I know factoring quadratics and checked 'recipes' as given here: http://www.analyzemath.com/polynomials/factor_polynomials.html
It's selfstudy, not homework. I realize missing something essential here, but what is it?
Tia,
Jo

PS this is a scan of some long division trials: http://utopia.knoware.nl/~jovo/images/Scan_img_026.jpg

 

[Dick]

Thanks for your reply but I still don't see how to get there. Can you give a hint on how to approach this? As said in my post I tried long division by $(y_2 - y_1)$ and $(y_2 - y_1)^2$ but don't get even near your factored result.
I know factoring quadratics and checked 'recipes' as given here: http://www.analyzemath.com/polynomials/factor_polynomials.html
It's selfstudy, not homework. I realize missing something essential here, but what is it?
Tia,
Jo

PS this is a scan of some long division trials: http://utopia.knoware.nl/~jovo/images/Scan_img_026.jpg

You started off ok on the first trial. $y_2^2$ is good for the first term.

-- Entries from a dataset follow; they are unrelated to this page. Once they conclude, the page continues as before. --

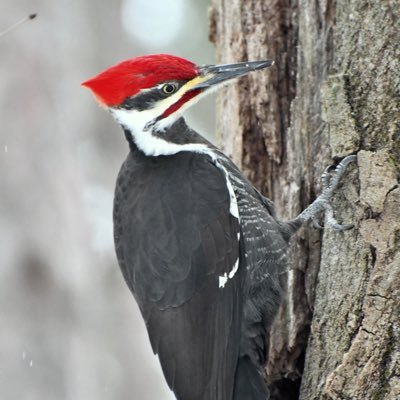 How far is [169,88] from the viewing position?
3883 millimetres

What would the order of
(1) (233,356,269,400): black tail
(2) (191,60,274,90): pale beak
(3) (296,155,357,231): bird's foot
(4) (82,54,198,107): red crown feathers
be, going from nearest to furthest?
(3) (296,155,357,231): bird's foot < (1) (233,356,269,400): black tail < (4) (82,54,198,107): red crown feathers < (2) (191,60,274,90): pale beak

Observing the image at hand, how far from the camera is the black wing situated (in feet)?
11.2

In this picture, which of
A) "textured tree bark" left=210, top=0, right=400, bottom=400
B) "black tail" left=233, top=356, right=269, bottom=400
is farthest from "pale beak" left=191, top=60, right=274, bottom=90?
"black tail" left=233, top=356, right=269, bottom=400

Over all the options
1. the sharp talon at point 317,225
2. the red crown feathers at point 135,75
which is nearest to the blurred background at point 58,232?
the red crown feathers at point 135,75

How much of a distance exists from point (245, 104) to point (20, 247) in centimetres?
243

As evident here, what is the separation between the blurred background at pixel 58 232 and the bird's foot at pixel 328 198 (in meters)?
2.81

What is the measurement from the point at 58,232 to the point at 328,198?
3.07 metres

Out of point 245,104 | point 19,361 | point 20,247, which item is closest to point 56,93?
point 20,247

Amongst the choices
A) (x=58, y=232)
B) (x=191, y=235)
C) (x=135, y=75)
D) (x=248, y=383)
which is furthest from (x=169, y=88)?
(x=58, y=232)

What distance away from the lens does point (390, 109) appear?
10.7 feet

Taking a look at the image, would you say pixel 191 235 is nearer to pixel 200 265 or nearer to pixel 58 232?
pixel 200 265

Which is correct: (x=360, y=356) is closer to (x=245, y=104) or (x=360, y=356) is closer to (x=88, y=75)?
(x=245, y=104)

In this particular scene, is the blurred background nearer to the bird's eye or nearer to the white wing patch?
the bird's eye

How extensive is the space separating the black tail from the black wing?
0.08m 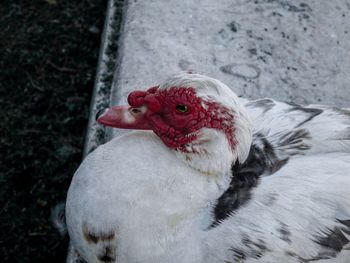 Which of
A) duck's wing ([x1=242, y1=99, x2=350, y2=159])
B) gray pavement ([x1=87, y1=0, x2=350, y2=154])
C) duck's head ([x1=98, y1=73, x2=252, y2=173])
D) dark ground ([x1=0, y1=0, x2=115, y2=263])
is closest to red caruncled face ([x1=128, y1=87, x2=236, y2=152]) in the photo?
duck's head ([x1=98, y1=73, x2=252, y2=173])

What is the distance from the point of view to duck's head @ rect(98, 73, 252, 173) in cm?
166

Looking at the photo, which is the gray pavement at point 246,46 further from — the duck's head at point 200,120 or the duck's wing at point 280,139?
the duck's head at point 200,120

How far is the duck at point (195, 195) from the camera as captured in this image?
167 centimetres

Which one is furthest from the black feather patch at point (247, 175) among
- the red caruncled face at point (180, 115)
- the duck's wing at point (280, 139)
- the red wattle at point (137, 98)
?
the red wattle at point (137, 98)

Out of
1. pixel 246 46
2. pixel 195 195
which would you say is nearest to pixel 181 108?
pixel 195 195

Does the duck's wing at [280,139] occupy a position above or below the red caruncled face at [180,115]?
below

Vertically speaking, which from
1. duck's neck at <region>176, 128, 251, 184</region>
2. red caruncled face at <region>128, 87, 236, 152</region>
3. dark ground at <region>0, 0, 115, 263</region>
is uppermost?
red caruncled face at <region>128, 87, 236, 152</region>

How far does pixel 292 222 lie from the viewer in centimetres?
171

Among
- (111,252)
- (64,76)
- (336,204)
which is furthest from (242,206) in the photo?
(64,76)

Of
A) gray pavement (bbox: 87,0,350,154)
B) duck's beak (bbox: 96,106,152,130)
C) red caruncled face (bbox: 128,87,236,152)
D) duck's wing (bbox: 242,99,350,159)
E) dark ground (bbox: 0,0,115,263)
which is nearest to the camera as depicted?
red caruncled face (bbox: 128,87,236,152)

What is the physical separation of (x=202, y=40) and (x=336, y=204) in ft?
4.76

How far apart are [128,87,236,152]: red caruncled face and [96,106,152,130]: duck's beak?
2cm

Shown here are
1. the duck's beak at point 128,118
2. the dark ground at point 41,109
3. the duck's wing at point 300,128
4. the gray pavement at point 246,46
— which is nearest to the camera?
the duck's beak at point 128,118

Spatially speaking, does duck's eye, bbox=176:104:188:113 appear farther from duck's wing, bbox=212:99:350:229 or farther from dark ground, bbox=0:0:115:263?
dark ground, bbox=0:0:115:263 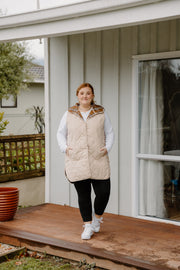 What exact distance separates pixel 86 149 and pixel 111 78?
5.44ft

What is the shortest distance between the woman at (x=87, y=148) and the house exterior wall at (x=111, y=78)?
116 centimetres

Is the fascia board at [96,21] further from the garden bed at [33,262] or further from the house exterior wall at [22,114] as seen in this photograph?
the house exterior wall at [22,114]

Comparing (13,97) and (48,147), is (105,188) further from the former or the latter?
(13,97)

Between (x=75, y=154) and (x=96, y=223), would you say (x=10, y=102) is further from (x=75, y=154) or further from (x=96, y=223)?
(x=75, y=154)

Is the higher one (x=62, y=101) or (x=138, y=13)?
(x=138, y=13)

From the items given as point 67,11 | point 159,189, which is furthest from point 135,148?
point 67,11

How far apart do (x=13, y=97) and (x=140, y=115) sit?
11979mm

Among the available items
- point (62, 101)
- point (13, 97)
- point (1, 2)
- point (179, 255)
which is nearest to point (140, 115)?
point (62, 101)

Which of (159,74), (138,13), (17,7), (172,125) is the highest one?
(17,7)

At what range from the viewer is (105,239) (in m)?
4.13

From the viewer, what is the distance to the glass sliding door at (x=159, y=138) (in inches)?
187

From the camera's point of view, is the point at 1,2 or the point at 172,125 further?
the point at 1,2

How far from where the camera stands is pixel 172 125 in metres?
4.78

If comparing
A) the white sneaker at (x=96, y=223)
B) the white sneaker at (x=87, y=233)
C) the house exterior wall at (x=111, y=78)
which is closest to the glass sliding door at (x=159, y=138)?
the house exterior wall at (x=111, y=78) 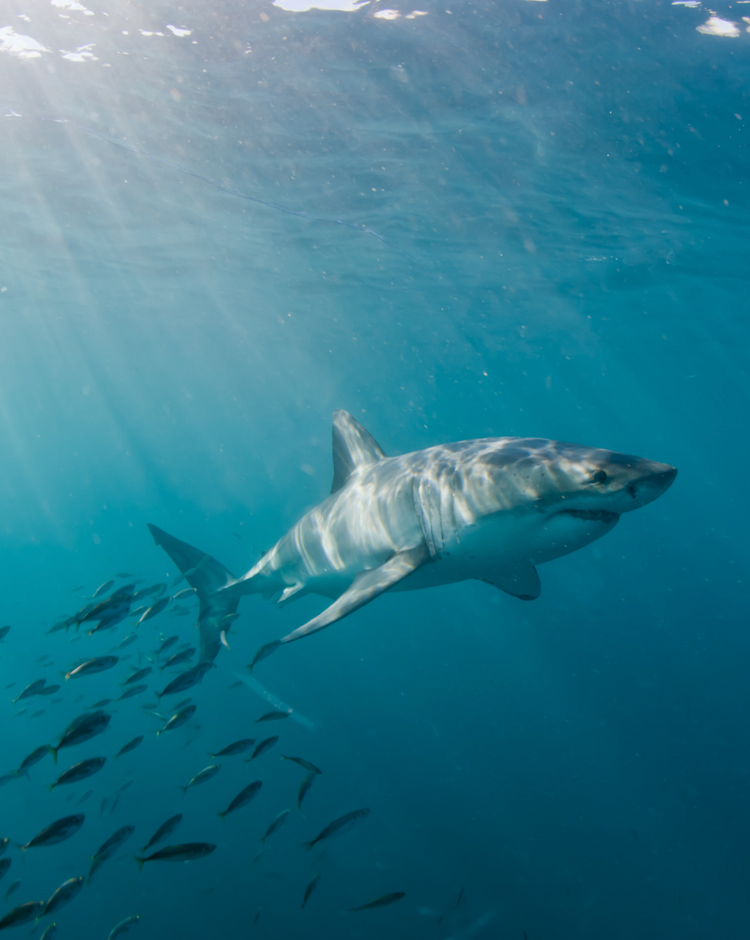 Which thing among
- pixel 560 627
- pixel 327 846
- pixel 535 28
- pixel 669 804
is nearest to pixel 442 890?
pixel 327 846

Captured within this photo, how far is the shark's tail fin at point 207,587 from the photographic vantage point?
7715 millimetres

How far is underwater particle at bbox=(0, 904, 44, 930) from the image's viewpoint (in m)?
4.43

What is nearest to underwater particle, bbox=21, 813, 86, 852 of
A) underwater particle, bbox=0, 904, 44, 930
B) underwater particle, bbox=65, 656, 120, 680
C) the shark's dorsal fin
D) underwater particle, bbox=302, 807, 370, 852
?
underwater particle, bbox=0, 904, 44, 930

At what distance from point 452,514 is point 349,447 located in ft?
8.34

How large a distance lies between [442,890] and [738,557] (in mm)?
29447

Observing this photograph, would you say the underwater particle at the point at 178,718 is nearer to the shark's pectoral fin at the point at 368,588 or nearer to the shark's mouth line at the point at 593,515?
the shark's pectoral fin at the point at 368,588

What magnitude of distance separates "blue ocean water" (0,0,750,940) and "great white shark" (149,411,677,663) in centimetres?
595

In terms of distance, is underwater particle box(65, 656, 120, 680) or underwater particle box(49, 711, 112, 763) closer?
underwater particle box(49, 711, 112, 763)

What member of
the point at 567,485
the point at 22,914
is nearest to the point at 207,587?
the point at 22,914

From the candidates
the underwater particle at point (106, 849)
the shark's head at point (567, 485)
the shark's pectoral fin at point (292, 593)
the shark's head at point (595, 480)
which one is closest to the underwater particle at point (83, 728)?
the underwater particle at point (106, 849)

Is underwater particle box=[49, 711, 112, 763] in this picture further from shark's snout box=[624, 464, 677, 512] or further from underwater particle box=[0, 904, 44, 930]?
shark's snout box=[624, 464, 677, 512]

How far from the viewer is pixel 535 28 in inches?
398

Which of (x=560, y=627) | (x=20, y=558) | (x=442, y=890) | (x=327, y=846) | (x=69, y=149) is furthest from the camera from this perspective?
(x=20, y=558)

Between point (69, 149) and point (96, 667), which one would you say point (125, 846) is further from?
Result: point (69, 149)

Now keep the rest ordered in decending powers of $y_2$. So what you bring down after the first subtraction is $y_2^2 y_1 - 3 y_2 y_1^2$. Your next term in the quotient should be dividing $y_2$ into $y_2^2 y_1$ (the higher $y_2$ power term). Or $y_2 y_1$. Try it that way. It does divide evenly.

 

[jvo]

I got it! Thank you for your excellent help.
My new year's resolution is to practice factoring more :-)
Regards,
Jo